La bibliothèque libre.
Le texte de cette page a été corrigé et est conforme au fac-similé.

LES HURONS ET LES IROQUOIS.

République dans l’état de nature.

Si les Natchez offrent le type du despotisme dans l’état de nature, les Creeks, le premier trait de la monarchie limitée, les Hurons et les Iroquois présentoient dans le même état de nature la forme du gouvernement républicain. Ils avoient, comme les Creeks, outre la constitution de la nation proprement dite, une assemblée générale représentative et un pacte fédératif.

Le gouvernement des Hurons différoit un peu de celui des Iroquois. Auprès du conseil des tribus s’élevoit un chef héréditaire, dont la succession se continuoit par les femmes, ainsi que chez les Natchez. Si la ligne de ce chef venoit à manquer, c’étoit la plus noble matrone de la tribu qui choisissoit un chef nouveau. L’influence des femmes devoit être considérable chez une nation dont la politique et la nature leur donnoient tant de droits. Les historiens attribuent à cette influence une partie des bonnes et des mauvaises qualités du Huron.

Chez les nations de l’Asie, les femmes sont esclaves et n’ont aucune part au gouvernement ; mais, chargées des soins domestiques, elles sont soustraites, en général, aux plus rudes travaux de la terre.
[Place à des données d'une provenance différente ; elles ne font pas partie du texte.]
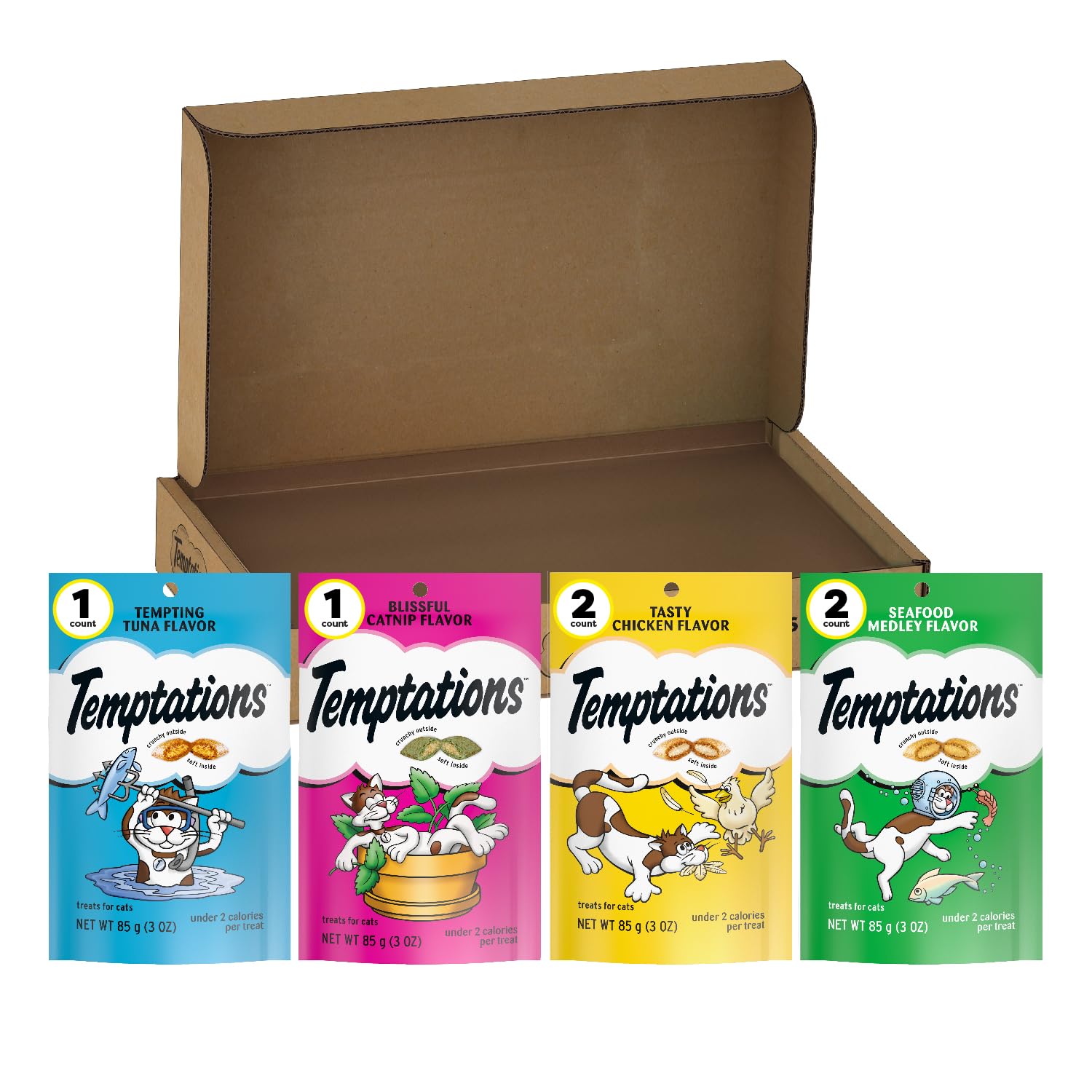 Temptations Chat, pack 6 variétés, friandise croquante et savoureuse.
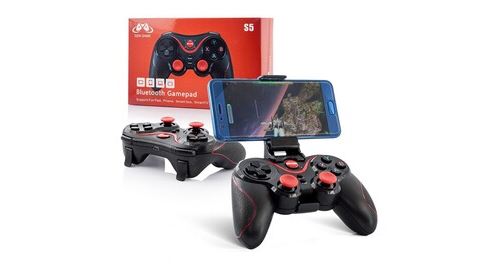 Manette avec support pour iphone 11, 11 pro & 11 pro max apple pc usb bluetooth jeux video joystick precision universel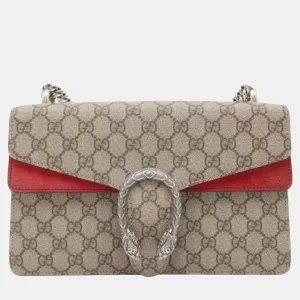 Beige/Brown Small GG Supreme Dionysus Shoulder Bag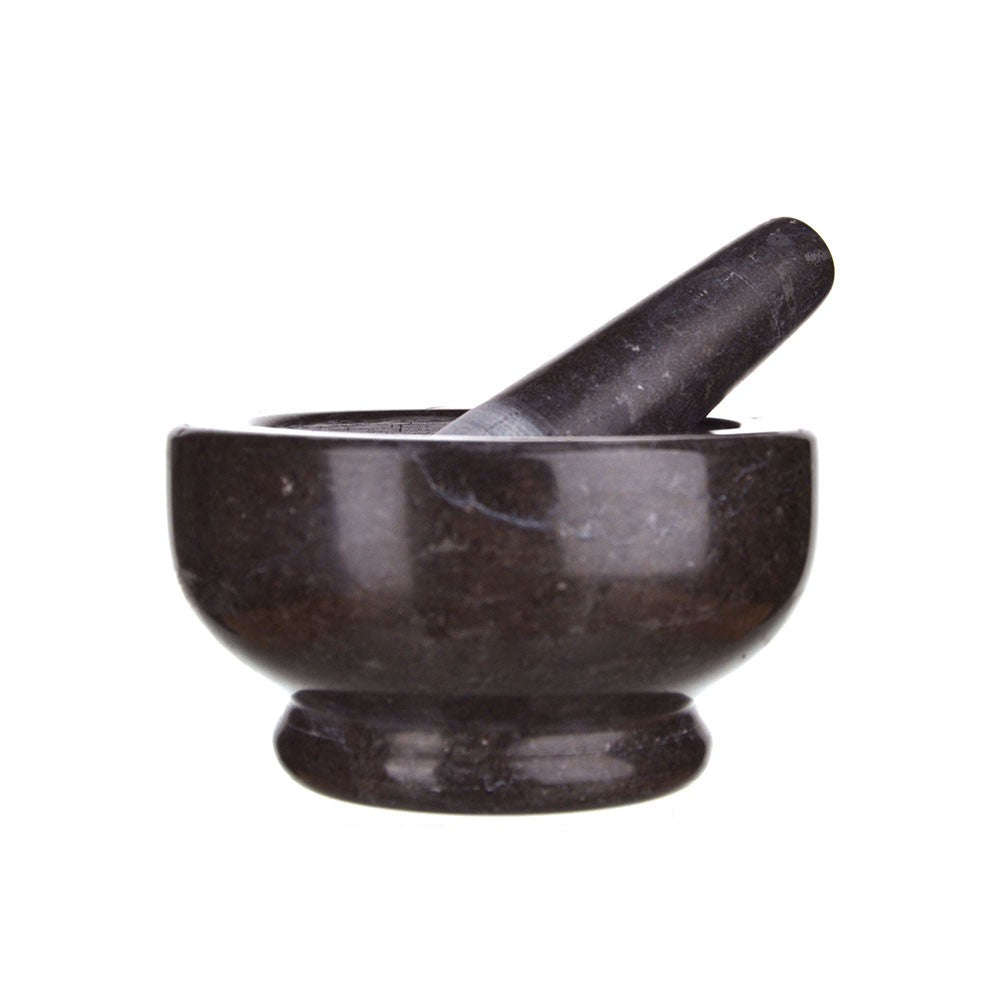 MORTAR & PESTLE Dark Grey Marble Pedestal 15x8cm
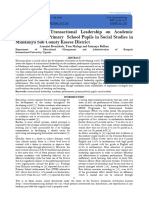 The Effect of Transactional Leadership On Academic Performance of Primary School Pupils in Social Studies in Munkunyu Sub County Kasese District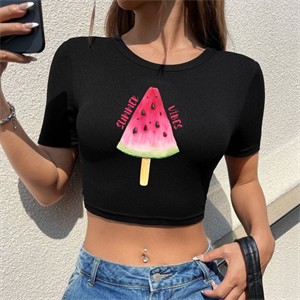 Summer Vibes Baskılı Siyah Crop
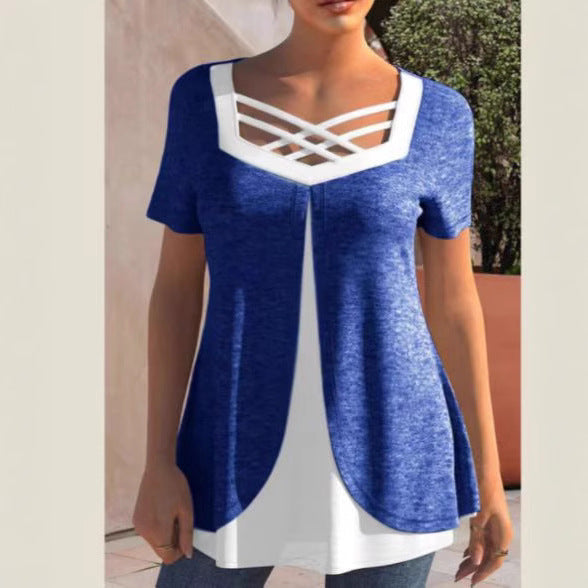 Women's Casual Print And Color-shifting Plus Size Short Sleeve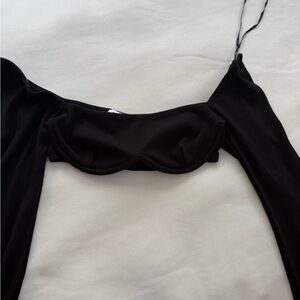 Princess Polly Elegant Black Off-Shoulder Top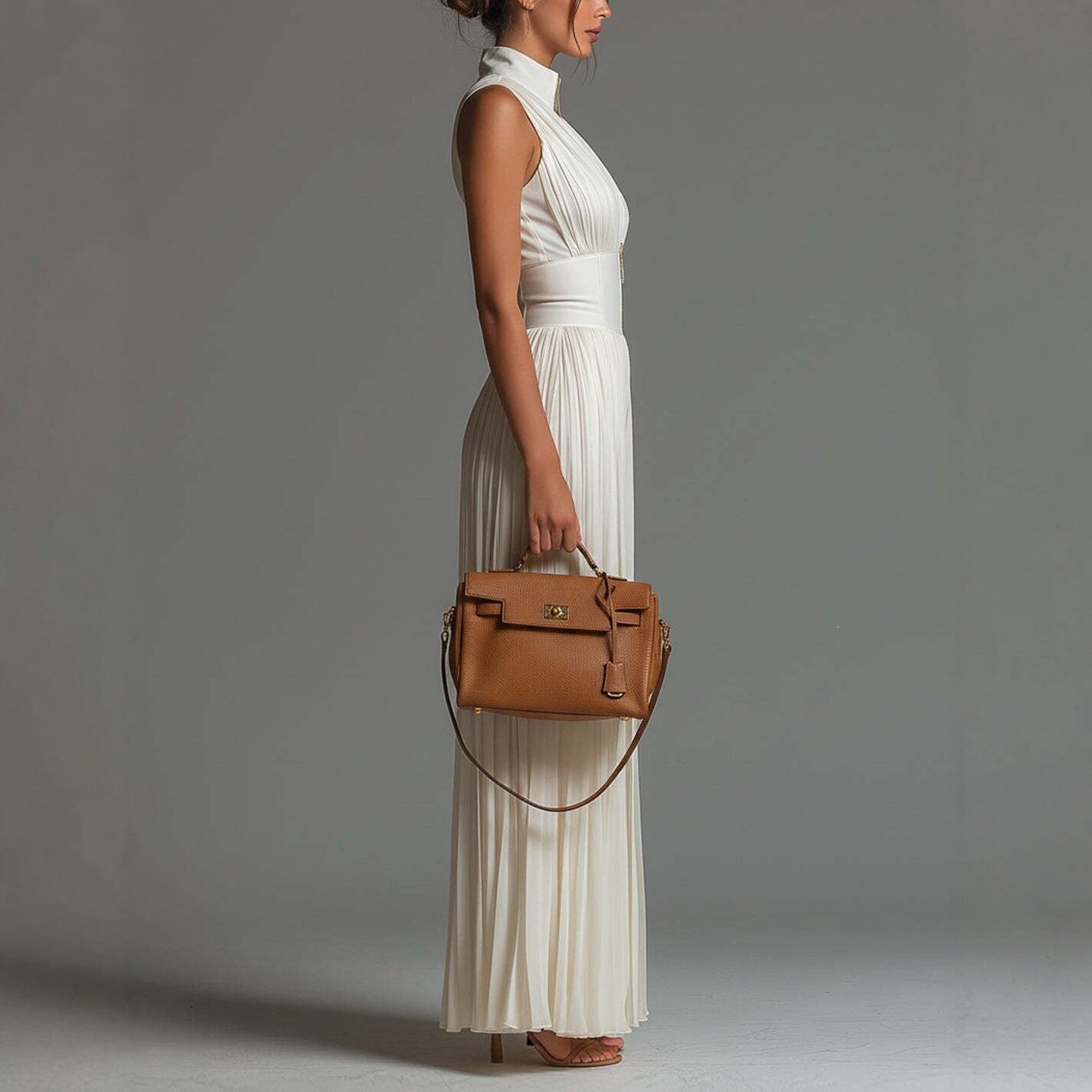 Aurélie – "Pleated Chiffon" V-Neck Jumpsuit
Chez les nations d’origine germanique, les femmes étoient libres, mais elles restoient étrangères aux actes de la politique, sinon à ceux du courage et de l’honneur.
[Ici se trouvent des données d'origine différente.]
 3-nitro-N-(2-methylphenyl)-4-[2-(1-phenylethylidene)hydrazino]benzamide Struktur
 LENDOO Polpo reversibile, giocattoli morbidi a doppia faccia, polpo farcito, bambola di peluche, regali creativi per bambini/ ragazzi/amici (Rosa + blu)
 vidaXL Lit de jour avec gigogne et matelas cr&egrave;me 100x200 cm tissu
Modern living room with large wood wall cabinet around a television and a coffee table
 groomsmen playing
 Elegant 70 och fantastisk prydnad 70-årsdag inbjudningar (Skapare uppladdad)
Chez les tribus du nord de l’Amérique, les femmes participoient aux affaires de l’État, mais elles étoient employées à ces pénibles ouvrages qui sont dévolus aux hommes dans l’Europe civilisée. Esclaves et bêtes de somme dans les champs et à la chasse, elles devenoient libres et reines dans les assemblées de la famille et dans les conseils de la nation. Il faut remonter aux Gaulois pour retrouver quelque chose de cette condition des femmes chez un peuple.

Les Iroquois ou les Cinq nations[1], appelés dans la langue algonquine les Agannonsioni, étoient une colonie des Hurons. Ils se séparèrent de ces derniers à une époque ignorée ; ils abandonnèrent les bords du lac Huron, et se fixèrent sur la rive méridionale du fleuve Hochelaga (le Saint-Laurent), non loin du lac Champlain. Dans la suite, ils remontèrent jusqu’au lac Ontario, et occupèrent le pays situé entre le lac Érié et les sources de la rivière d’Albany.

Les Iroquois offrent un grand exemple du changement que l’oppres-

  1. Six, selon la division des Anglois.